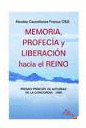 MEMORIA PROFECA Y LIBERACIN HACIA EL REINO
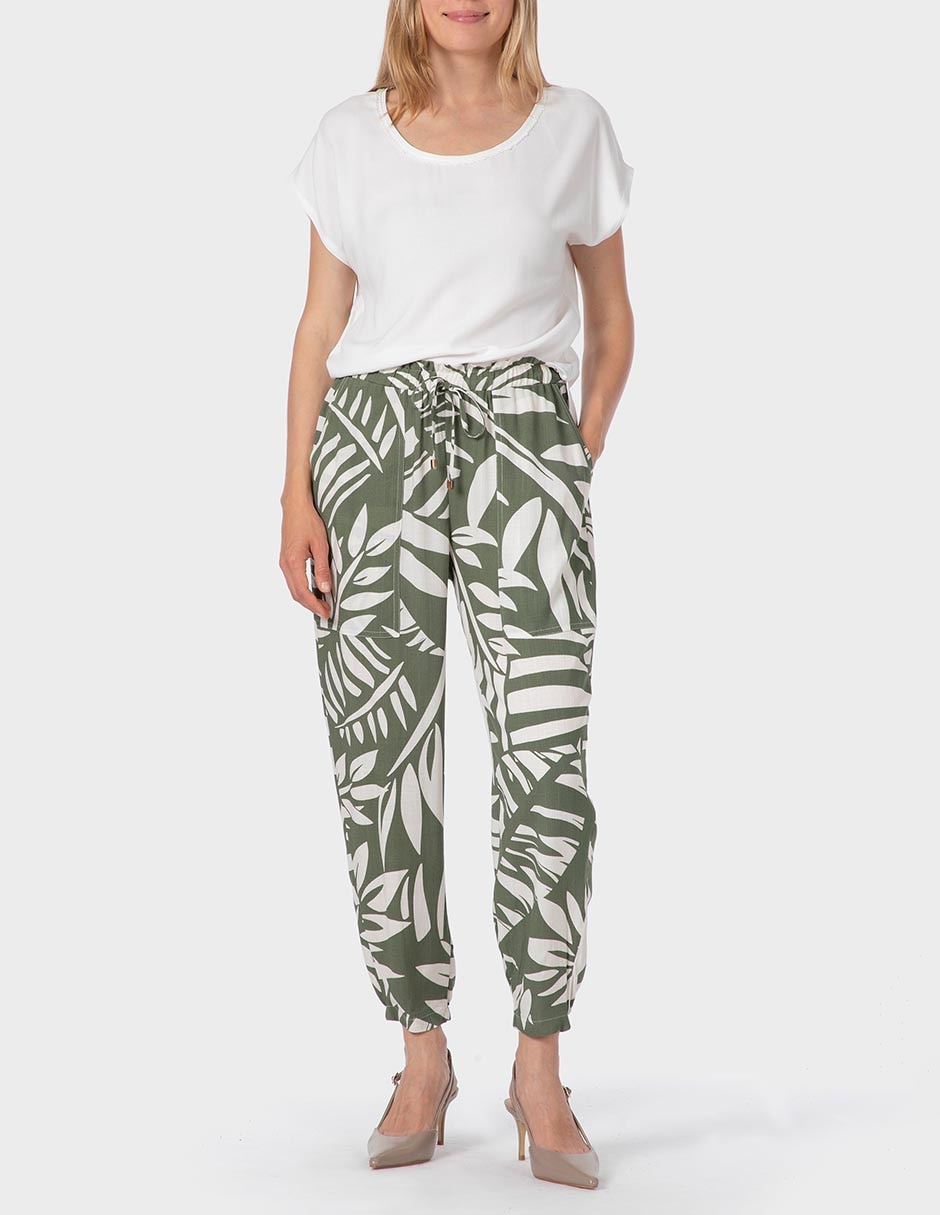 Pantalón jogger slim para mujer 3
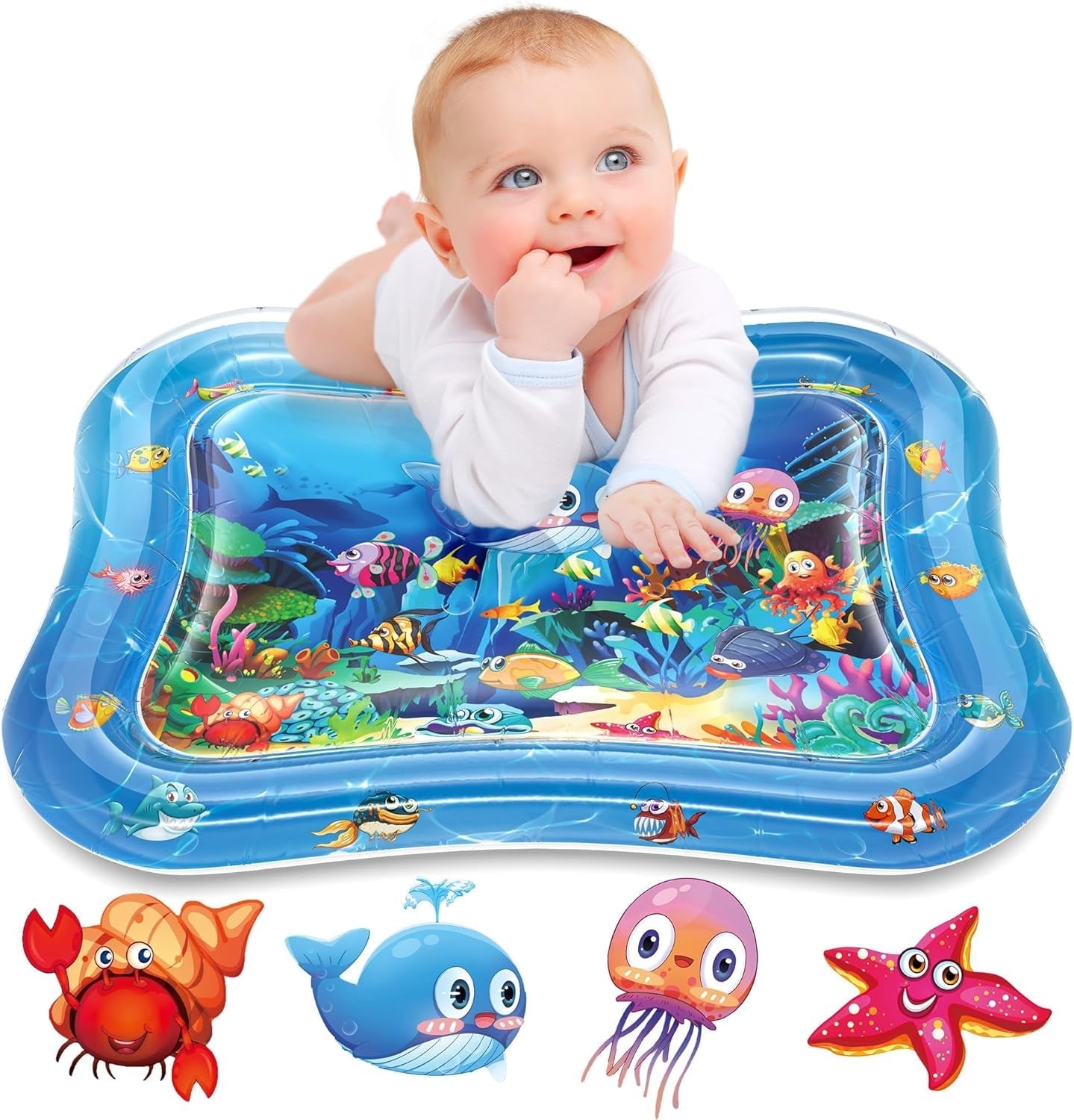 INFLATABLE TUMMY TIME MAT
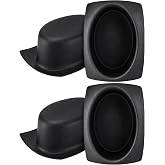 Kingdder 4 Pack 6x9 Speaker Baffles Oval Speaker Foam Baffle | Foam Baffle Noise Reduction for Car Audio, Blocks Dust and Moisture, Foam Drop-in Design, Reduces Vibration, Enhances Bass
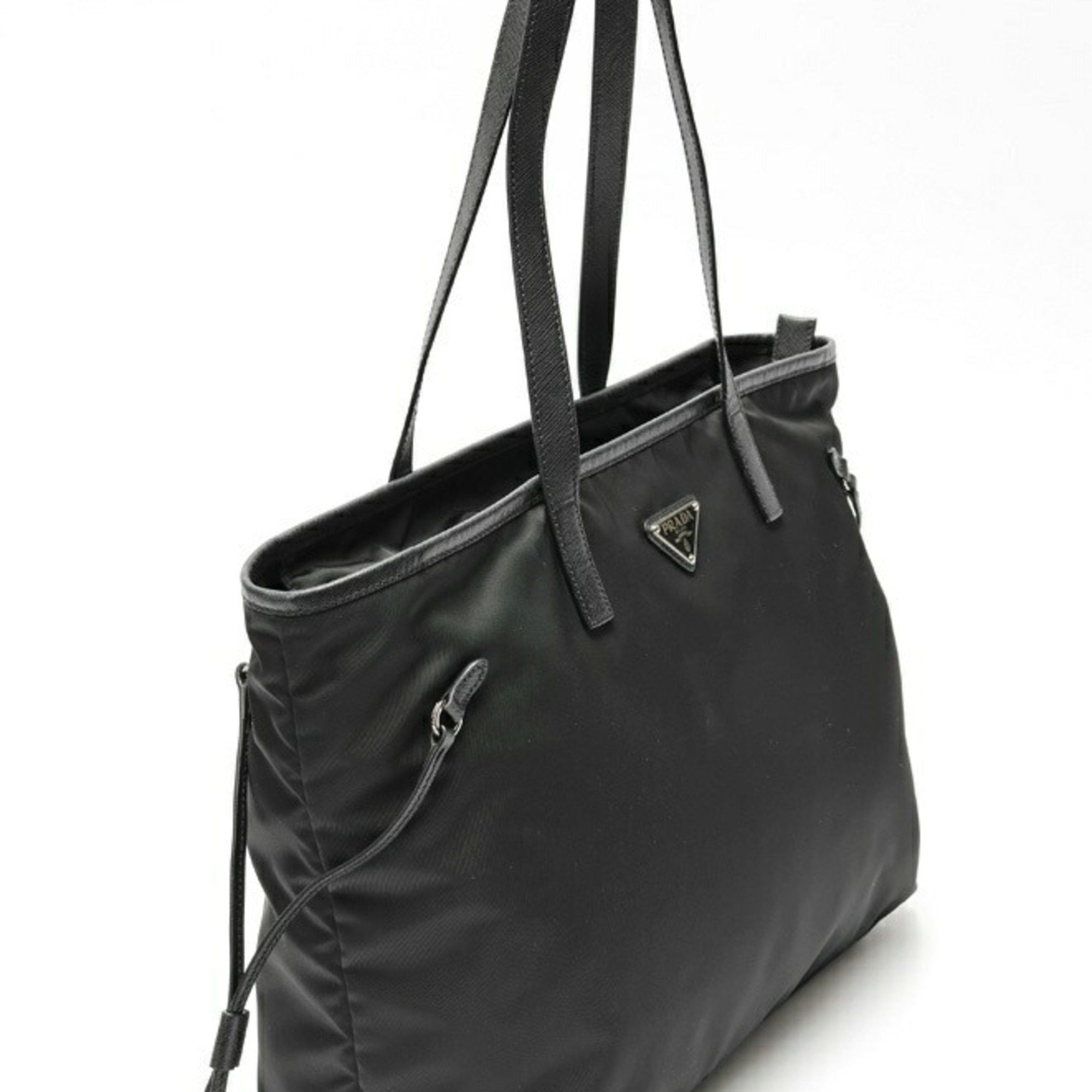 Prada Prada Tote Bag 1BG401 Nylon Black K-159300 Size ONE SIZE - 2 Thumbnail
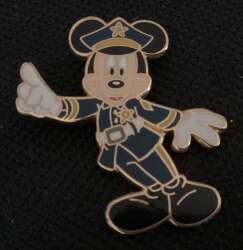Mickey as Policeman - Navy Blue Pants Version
==
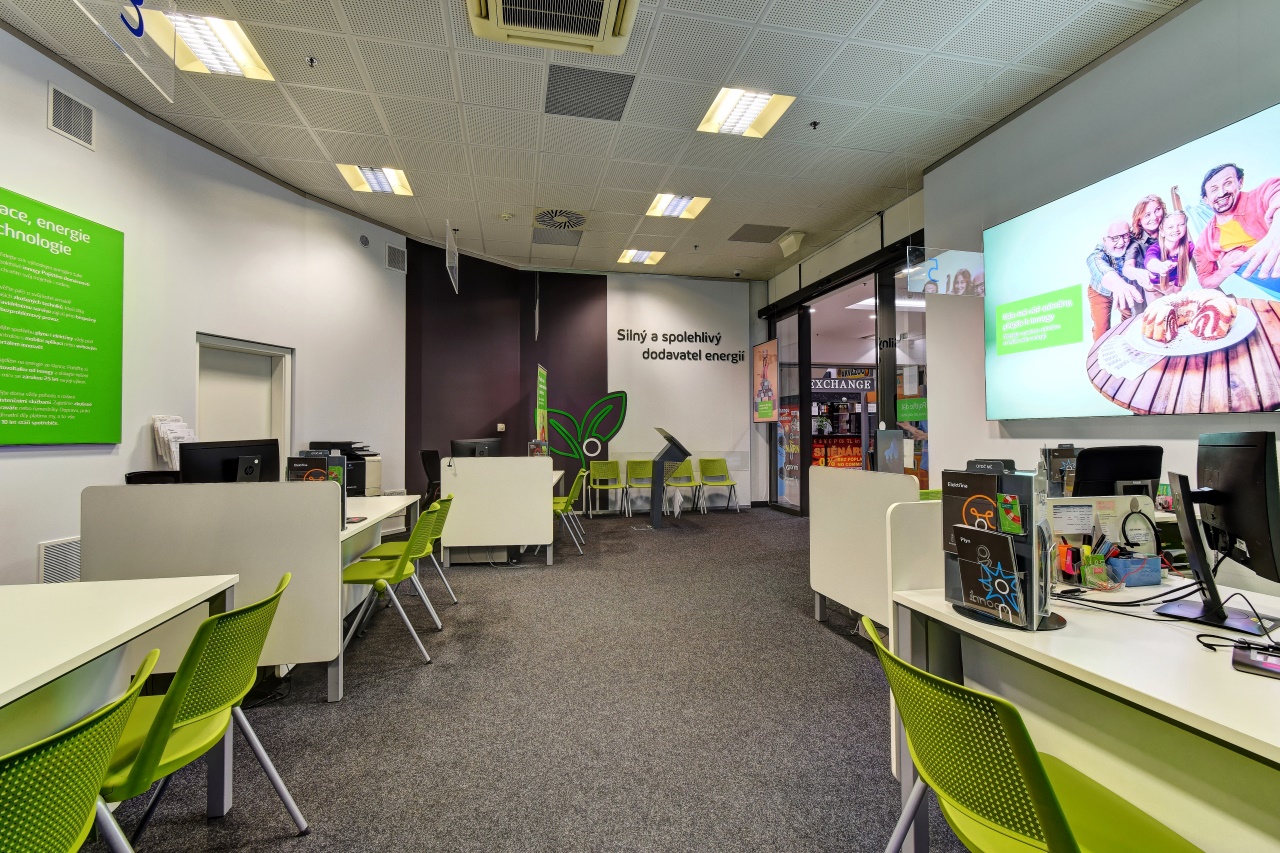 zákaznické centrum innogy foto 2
--
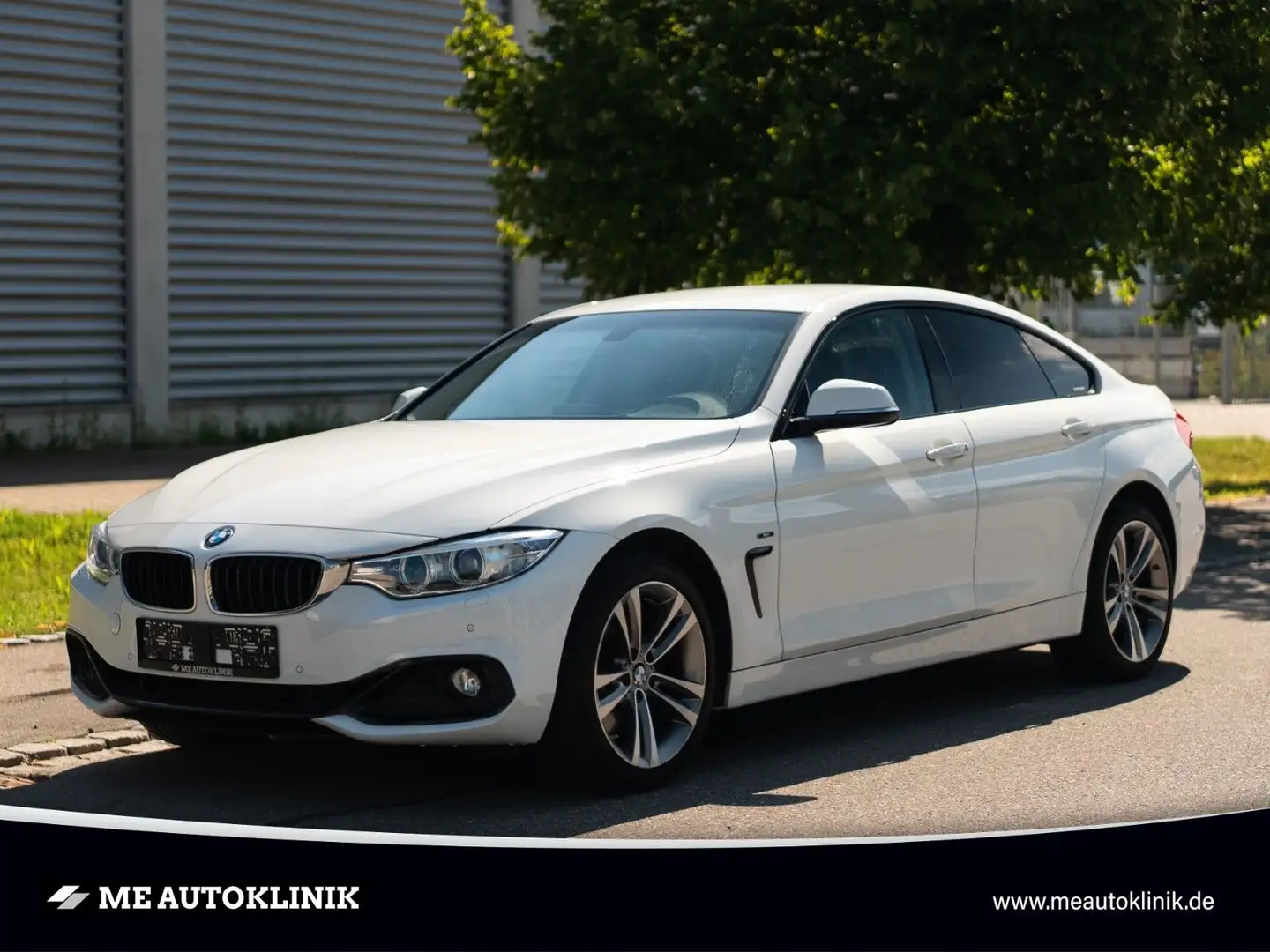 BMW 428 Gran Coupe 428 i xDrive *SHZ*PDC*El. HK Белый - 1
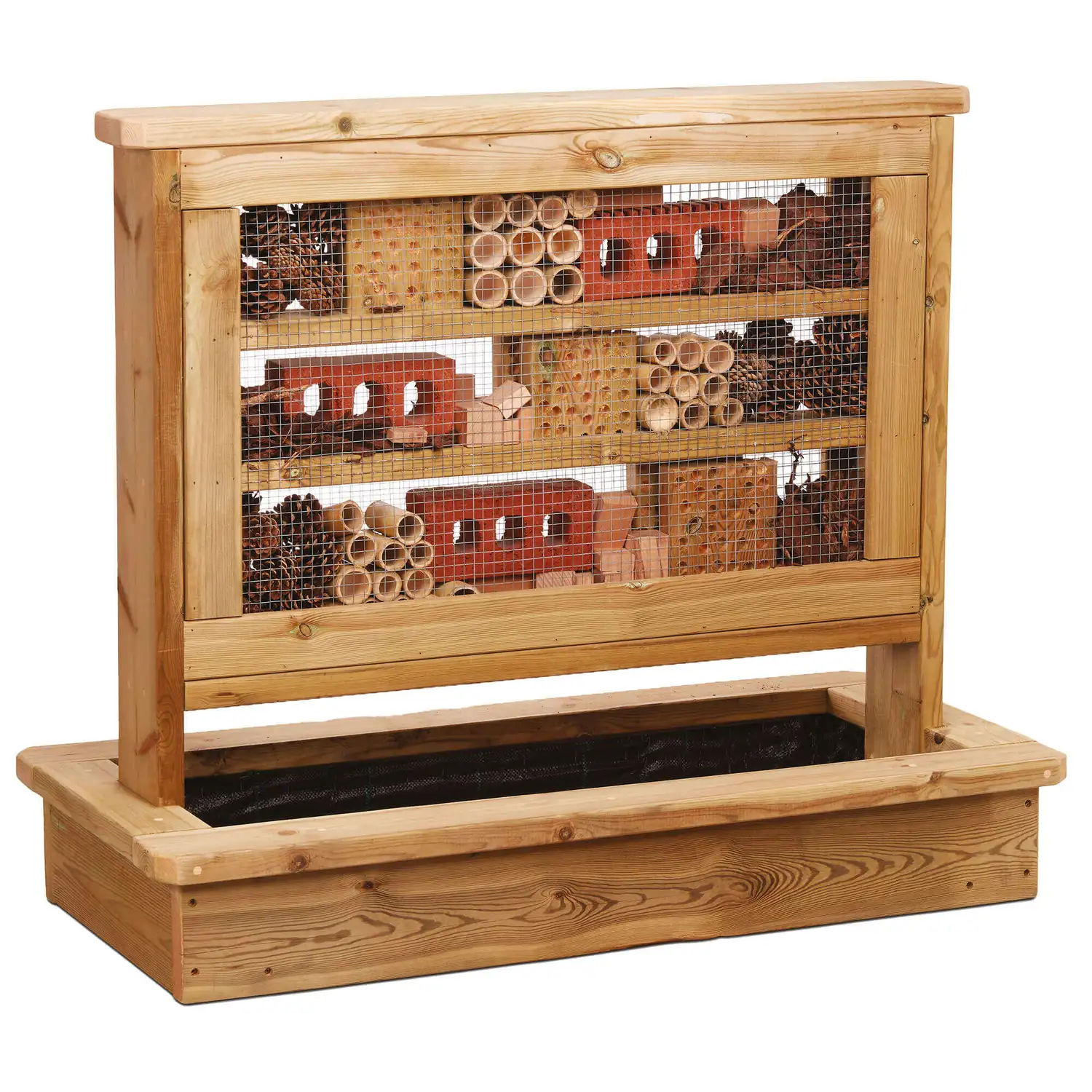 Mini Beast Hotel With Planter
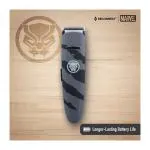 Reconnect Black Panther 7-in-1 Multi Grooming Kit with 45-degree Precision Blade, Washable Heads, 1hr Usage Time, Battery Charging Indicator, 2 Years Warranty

» **Exercise details**
Give again, exactly as written above, each line from the one that has "MEMORIA PROFECA Y LIBERACIN HACIA EL REINO" to the one that has "Mickey as Policeman - Navy Blue Pants Version", both included; omit the pictures.

» **Solution for this exercise**
 MEMORIA PROFECA Y LIBERACIN HACIA EL REINO
 Pantalón jogger slim para mujer 3
 INFLATABLE TUMMY TIME MAT
 Kingdder 4 Pack 6x9 Speaker Baffles Oval Speaker Foam Baffle | Foam Baffle Noise Reduction for Car Audio, Blocks Dust and Moisture, Foam Drop-in Design, Reduces Vibration, Enhances Bass
 Prada Prada Tote Bag 1BG401 Nylon Black K-159300 Size ONE SIZE - 2 Thumbnail
Mickey as Policeman - Navy Blue Pants Version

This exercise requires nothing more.